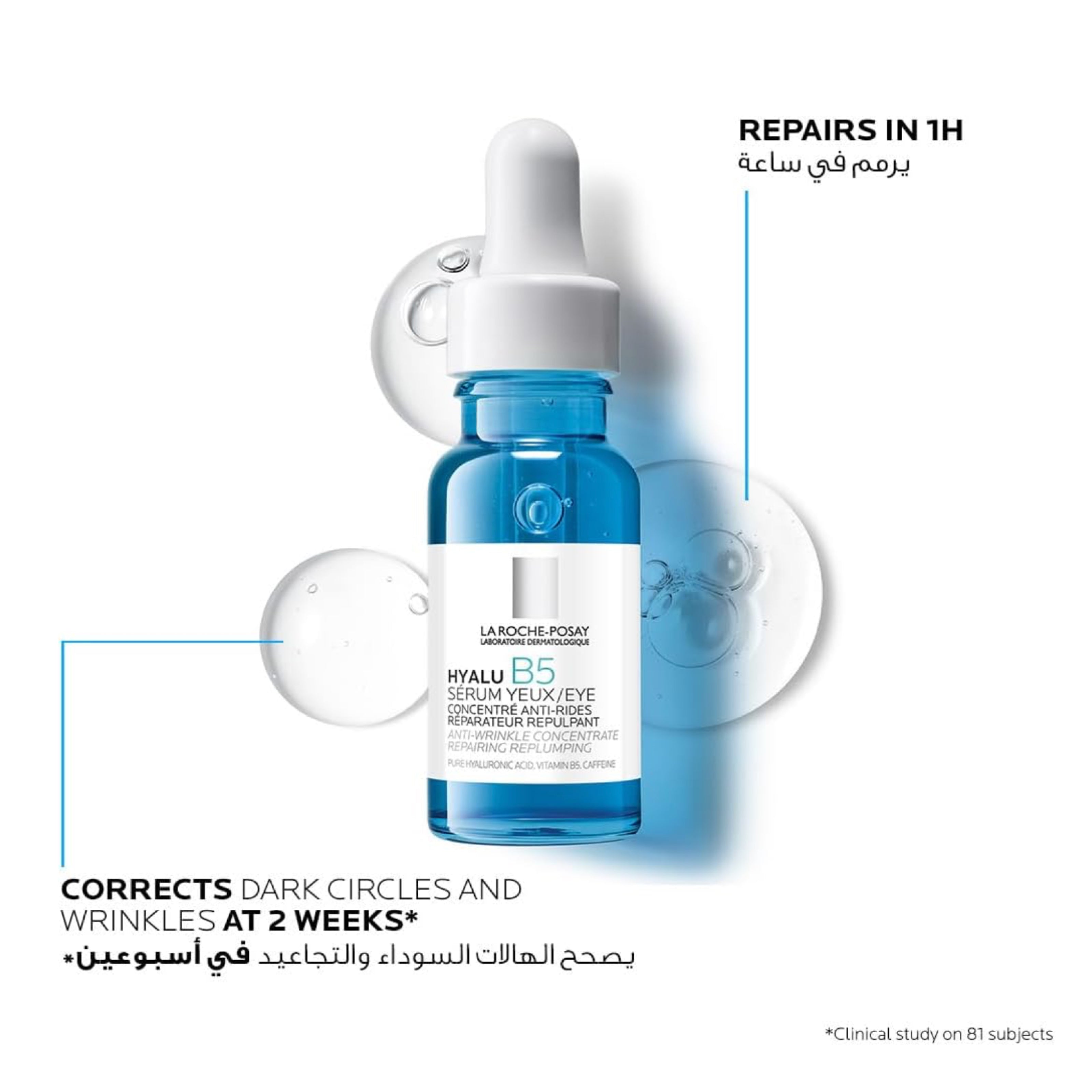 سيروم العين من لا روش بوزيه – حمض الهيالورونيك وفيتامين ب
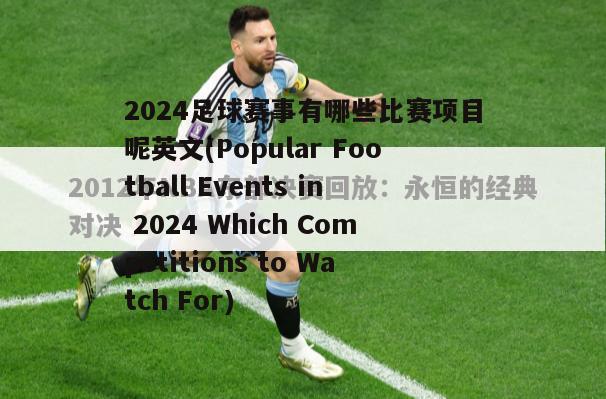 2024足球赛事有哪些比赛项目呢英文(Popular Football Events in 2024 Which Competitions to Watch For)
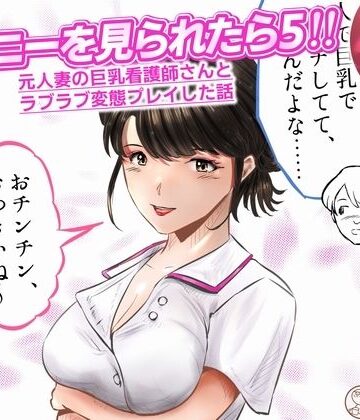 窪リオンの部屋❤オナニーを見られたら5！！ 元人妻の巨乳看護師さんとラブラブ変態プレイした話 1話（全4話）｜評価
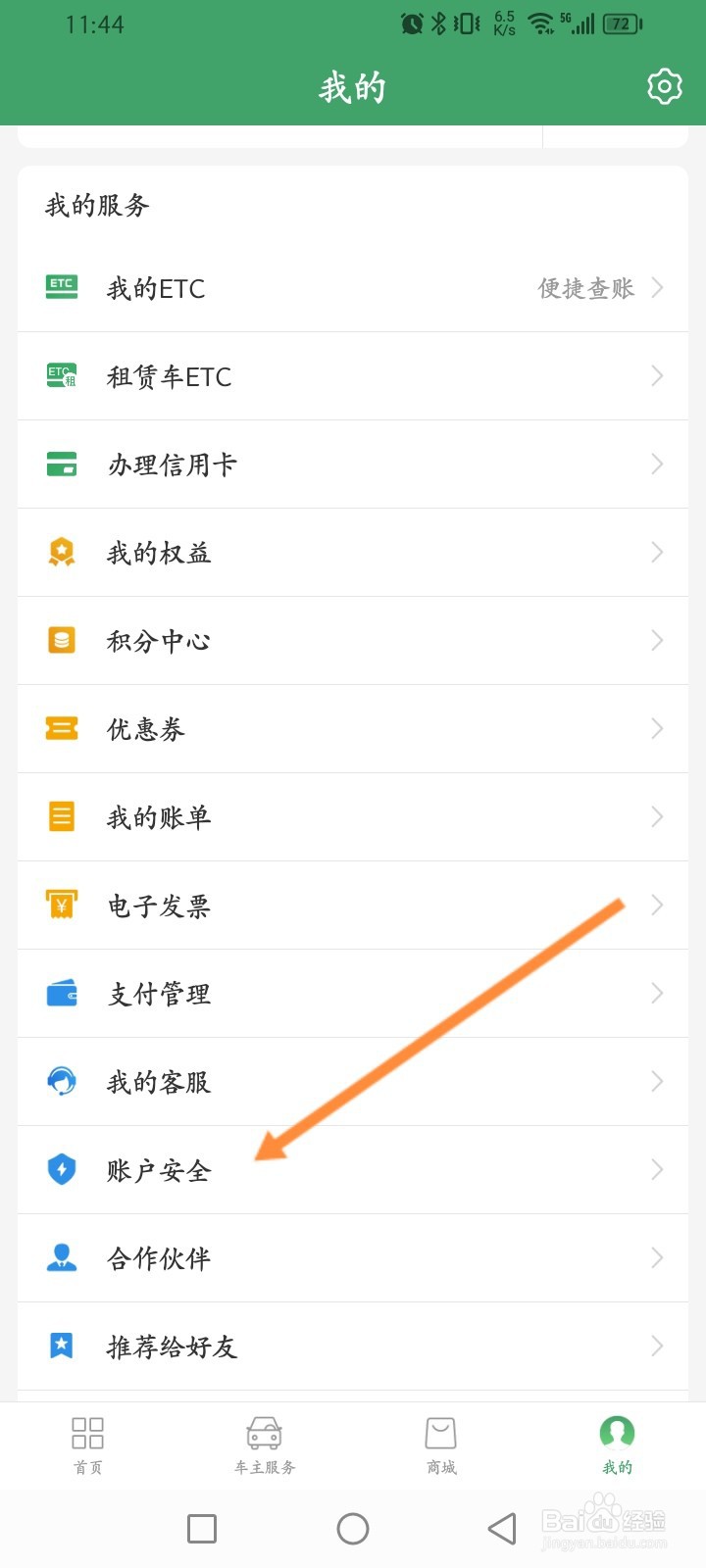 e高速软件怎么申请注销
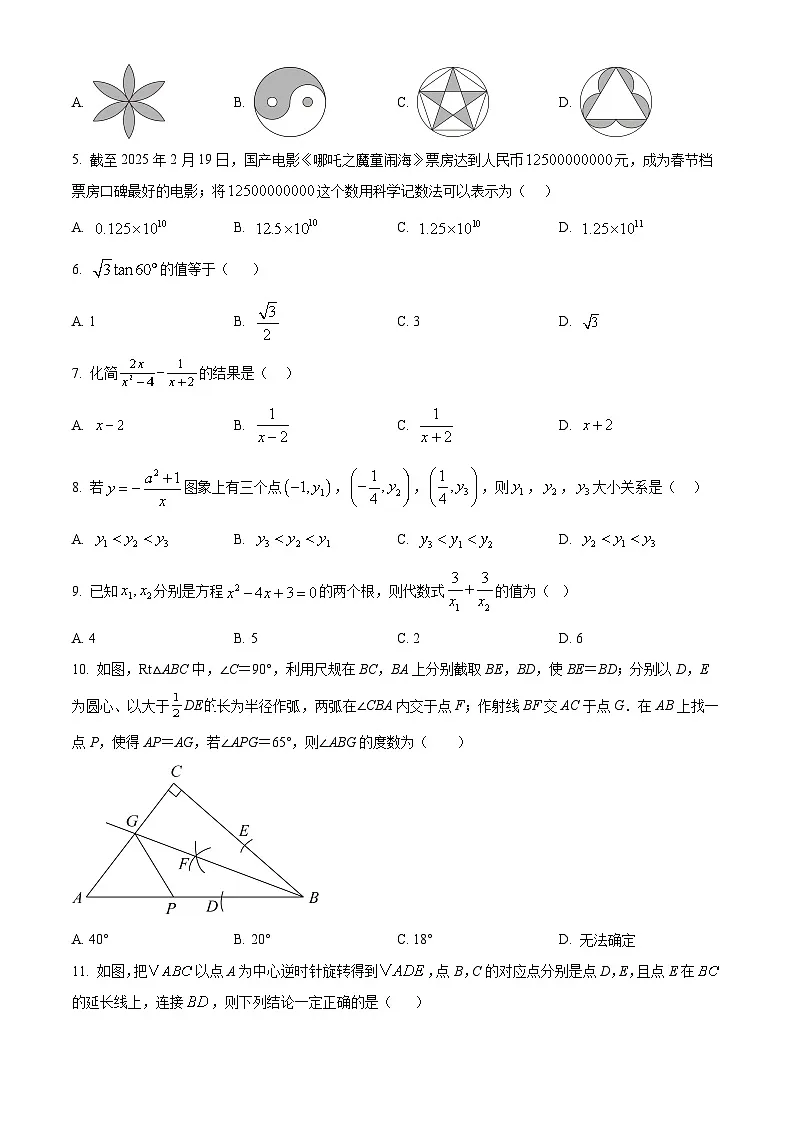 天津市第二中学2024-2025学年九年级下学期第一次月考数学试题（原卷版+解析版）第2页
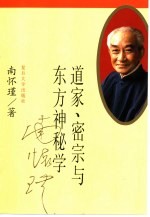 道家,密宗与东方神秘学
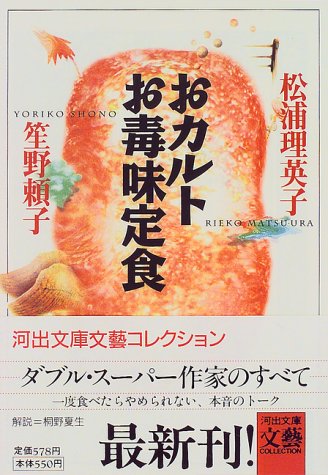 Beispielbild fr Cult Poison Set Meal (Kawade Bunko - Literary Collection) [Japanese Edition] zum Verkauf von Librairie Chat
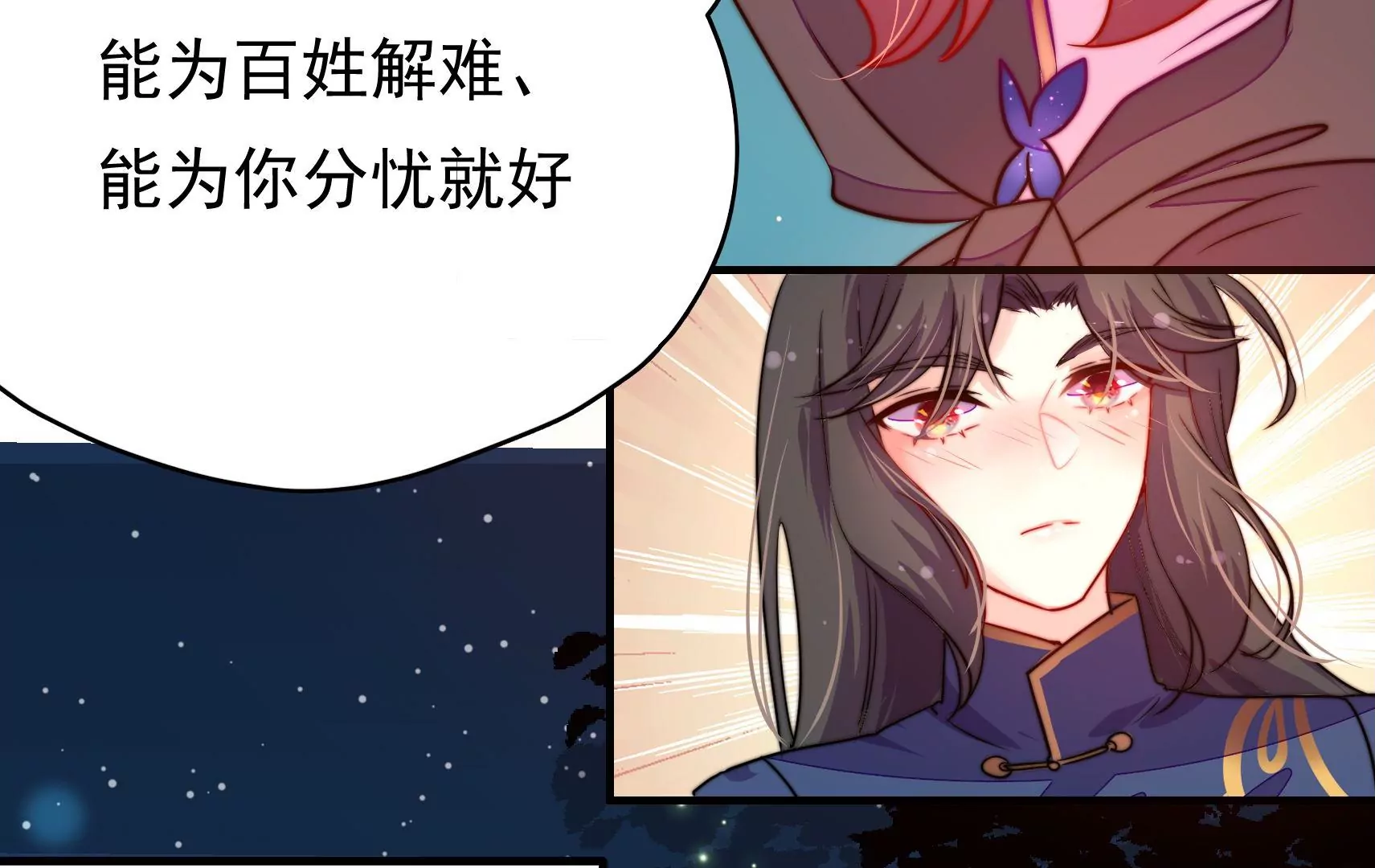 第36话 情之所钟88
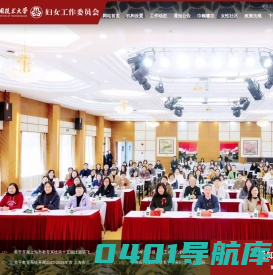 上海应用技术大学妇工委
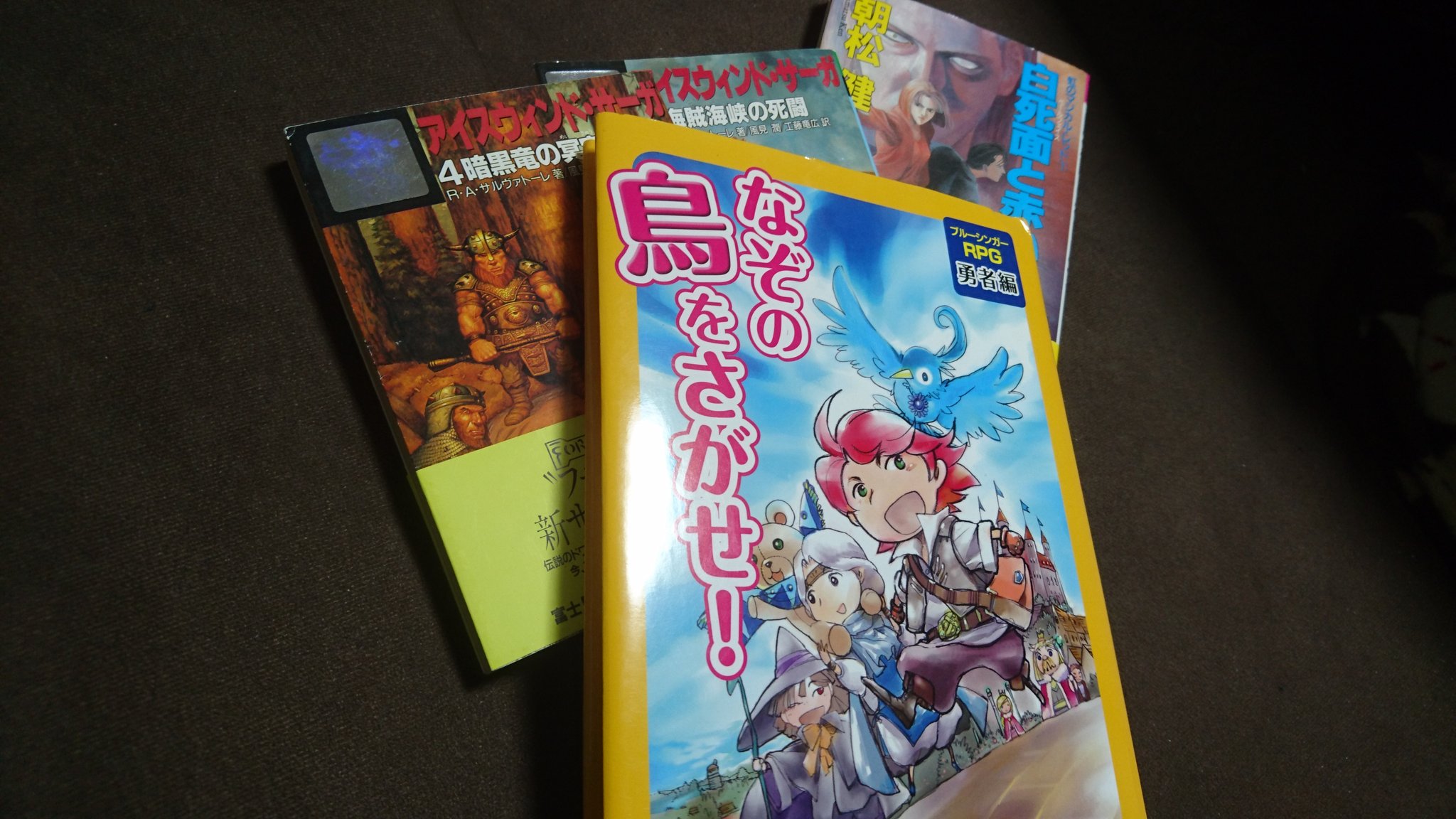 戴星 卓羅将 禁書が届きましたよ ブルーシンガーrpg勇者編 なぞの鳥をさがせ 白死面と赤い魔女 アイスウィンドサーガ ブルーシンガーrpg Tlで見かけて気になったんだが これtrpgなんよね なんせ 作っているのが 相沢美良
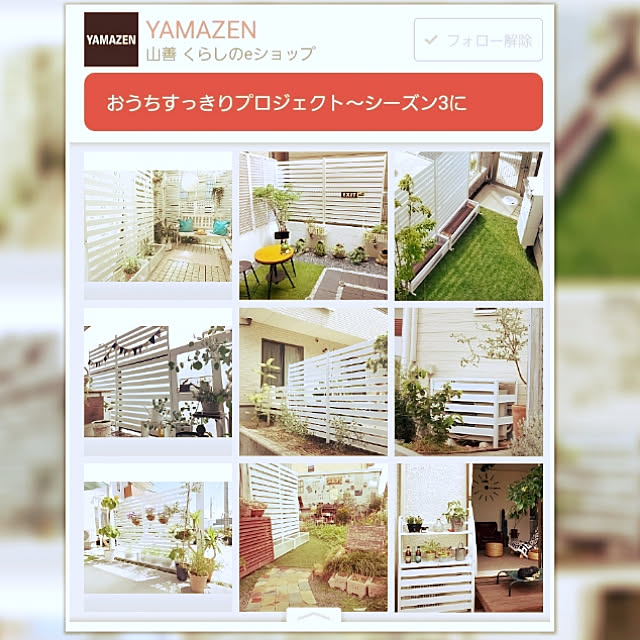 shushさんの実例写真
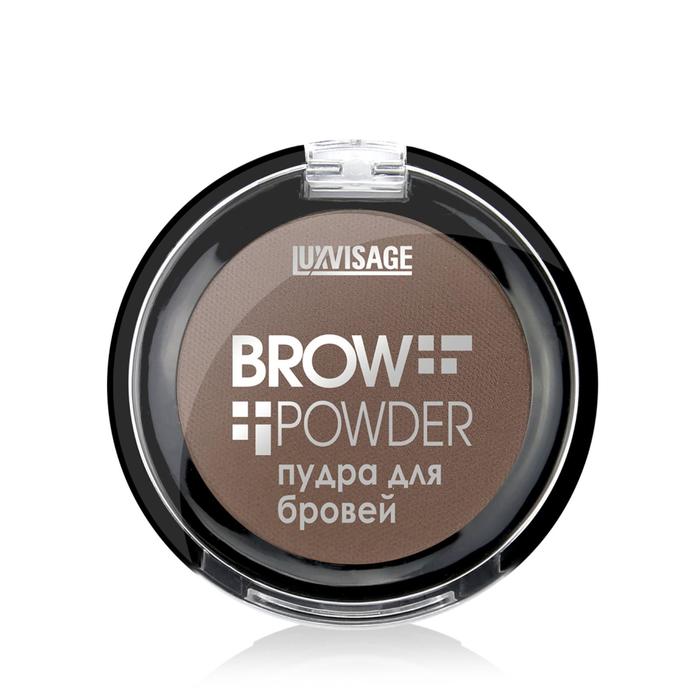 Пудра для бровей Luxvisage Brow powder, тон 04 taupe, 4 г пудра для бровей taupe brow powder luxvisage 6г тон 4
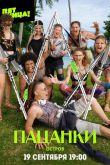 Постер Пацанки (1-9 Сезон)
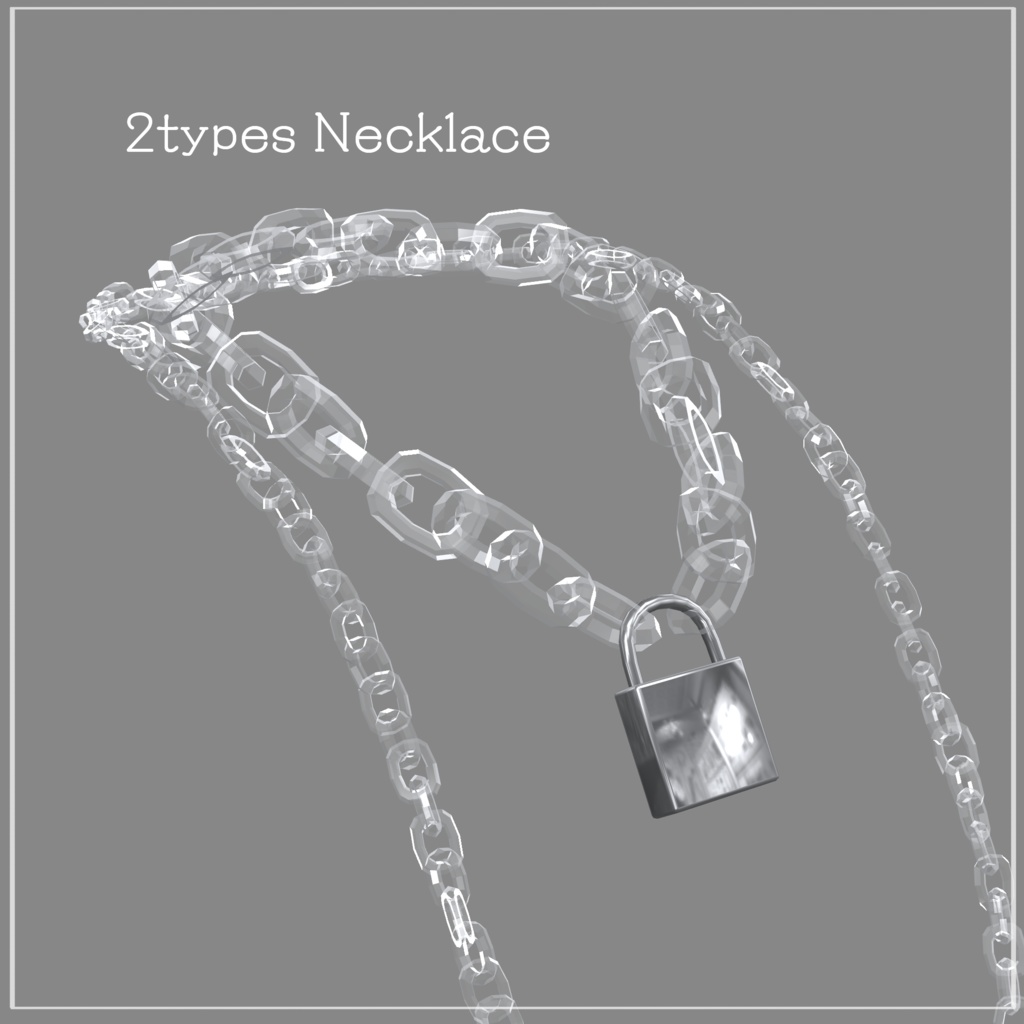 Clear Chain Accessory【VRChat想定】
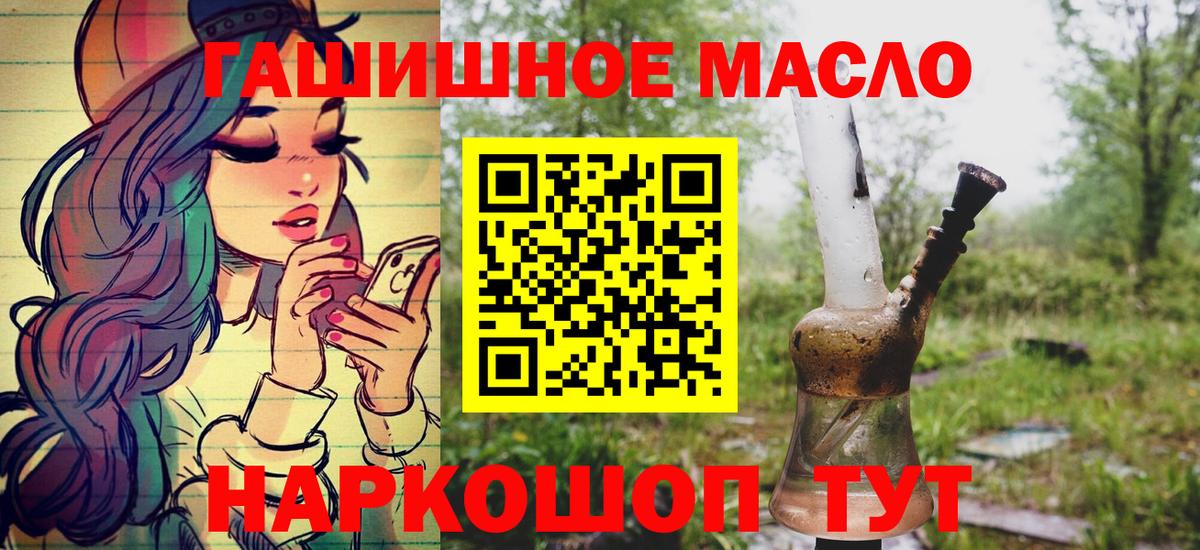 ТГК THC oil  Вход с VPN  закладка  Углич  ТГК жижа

************

Retype each entry precisely. Skip images entirely.

## Solution for this problem
 سيروم العين من لا روش بوزيه – حمض الهيالورونيك وفيتامين ب
 2024足球赛事有哪些比赛项目呢英文(Popular Football Events in 2024 Which Competitions to Watch For)
 窪リオンの部屋❤オナニーを見られたら5！！ 元人妻の巨乳看護師さんとラブラブ変態プレイした話 1話（全4話）｜評価
 e高速软件怎么申请注销
 天津市第二中学2024-2025学年九年级下学期第一次月考数学试题（原卷版+解析版）第2页
 道家,密宗与东方神秘学
 Beispielbild fr Cult Poison Set Meal (Kawade Bunko - Literary Collection) [Japanese Edition] zum Verkauf von Librairie Chat
 第36话 情之所钟88
 上海应用技术大学妇工委
 戴星 卓羅将 禁書が届きましたよ ブルーシンガーrpg勇者編 なぞの鳥をさがせ 白死面と赤い魔女 アイスウィンドサーガ ブルーシンガーrpg Tlで見かけて気になったんだが これtrpgなんよね なんせ 作っているのが 相沢美良
 shushさんの実例写真
 Пудра для бровей Luxvisage Brow powder, тон 04 taupe, 4 г пудра для бровей taupe brow powder luxvisage 6г тон 4
 Постер Пацанки (1-9 Сезон)
 Clear Chain Accessory【VRChat想定】
 ТГК THC oil  Вход с VPN  закладка  Углич  ТГК жижа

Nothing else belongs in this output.